In one of the most controversial TV ads of the past year, a sports commentator is shown popping a men's supplement pill (it's deliberately crude name is enough to say what it is all about), winks at the camera and is pulled behind a door by a woman. A "Do Not Disturb" sign on the door packs the final punch.
"I've seen ads in which women are pictured as objects," said private company employee Lala. "In one ad, female models are used only as proof of men's (sexual) potency. In another, the female model has to wiggle her buttocks as a way to communicate the painful sensation she feels ... It's tasteless. Such ads are disgusting .... "
A street vendor selling energy drinks to public transportation drivers in the Salemba Raya of Central Jakarta said he enjoyed the heroic actions featured in the ads but he knew they were too good to be true.
But some worry that the young and the impressionable of all ages might not be able to distinguish between fact and fantasy, particularly in depictions of women.
A gender researcher at Atma Jaya University's Community Development Center, Yustina Rostiawati, said women were a highly exploited commodity in the advertising world.

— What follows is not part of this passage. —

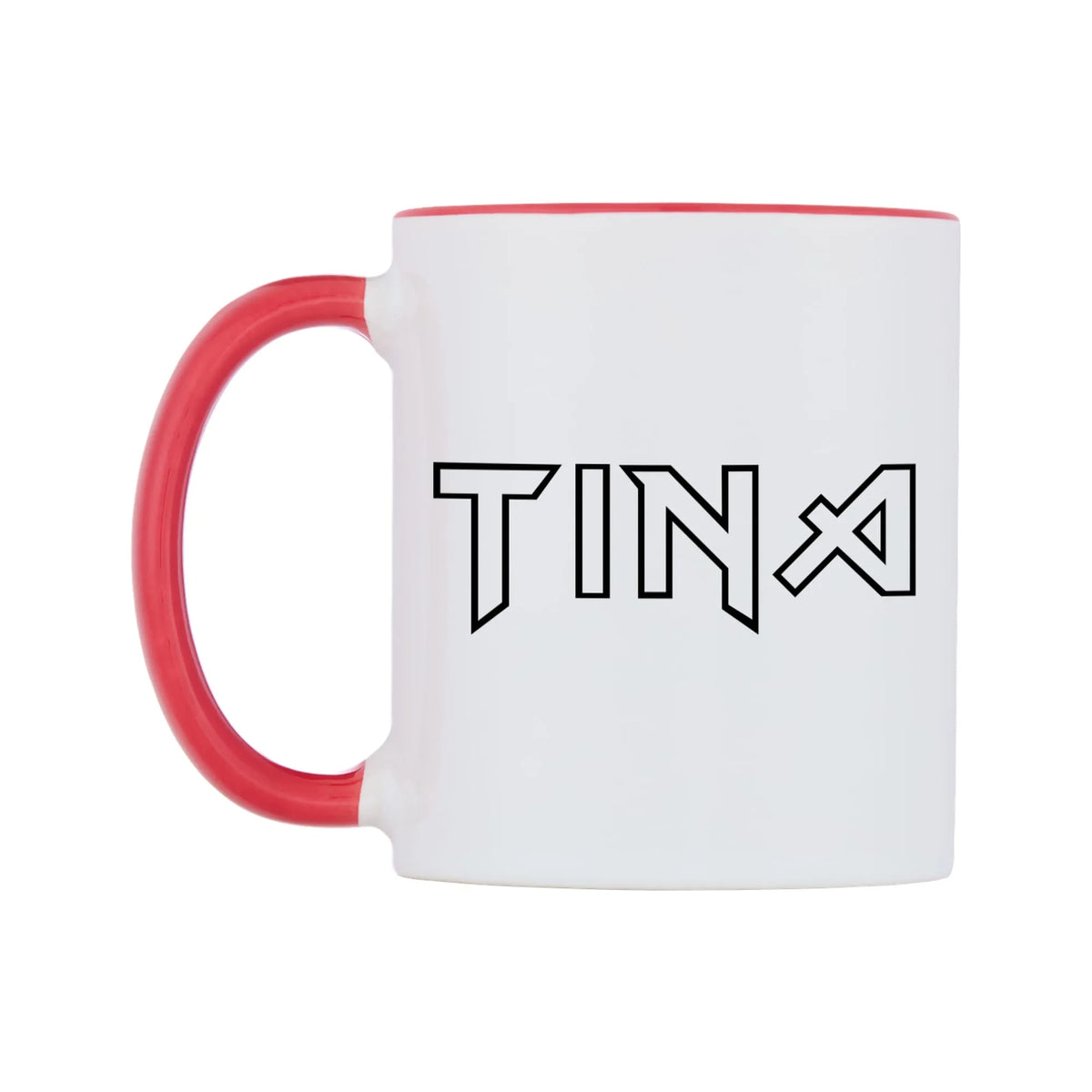 Tina - Iron Maiden Themed Mug — white 11oz gloss mug with a red inside and handle, right side, on a white background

"We see a sexy woman in sedan ads, women in red-hot stretch costumes dancing in chili sauce ads and many other ads and the tabloids explore women's every curve."
Yustina said ads showed how the patriarchal ideology prevailed in the country, and the fact that the ads escaped the attention of the censorship board indicated the government's lack of gender awareness.
She said fostering gender equality would take time and likely receive strong resistance from various parties. "But efforts can be started by freely voicing protests to all forms of gender- biased messages. It's a form of social pressure," she said, adding the methods could include writing to reader's sections of newspapers.
A staff member in the public complaints division of the Indonesian Consumer Protection Foundation (YLKI), Sularsih, said she received complaints about several ads. Recent complaints have included one from a nurses' association about the depiction of a nurse in an ad for a chocolate cookie, "violence" in an ad for a shampoo, the focus on women's breasts in a vehicle ad, misleading information in a floor cleaner commercial and the "obscenity" of the aforementioned ad for the men's supplement.
The cookie and floor cleaner ads were reedited, but the vehicle and men's supplement commercials have been pulled from the air after public complaints.
Sularsih urged all parties involved in the concept-making and approval of ads -- the censorship agency, ad agencies, the media and manufacturing companies -- to consider fully the content and impact of the ads before they were aired.
"It's a precautionary step before the offended public takes action on its own. Unlike before, members of society are more critical and they can boycott products whose ads are misleading, noneducative or violate social standards," she warned.
The foundation, she explained, has the capacity to urge the authorities to impose sanctions, review trade licenses or to withdraw certain products from the market for various reasons, including misleading ads.
Sularsih added that the Association of Indonesian Advertising Companies (P3I) was quite consistent in monitoring its members, but violations by nonmember agencies were beyond its control.
The foundation's executive secretary, Huzna Zahir, urged parties involved in monitoring ads, including the public, to provide input on ads.
"An ad can be canceled or modified based on input from society. But the fact that similar unethical ads can still secure broadcast approval is also an indication of a poor system and improper sanctions," she said.
She also said consumer protests could really make a difference.
"Now consumers can sue a company based on false claims or promises displayed in their ads or brochures, and consumers can win the case," Huzna said.
Aside from the longtime problematic content of ads for cigarettes and milk substitutes, she also underlined the need to create guidelines for the promotion of children's snacks. She also said ads for unhealthy foods should be banned from children's comics.
"This is to protect children from direct exposure to ads that can be misleading," Huzna said.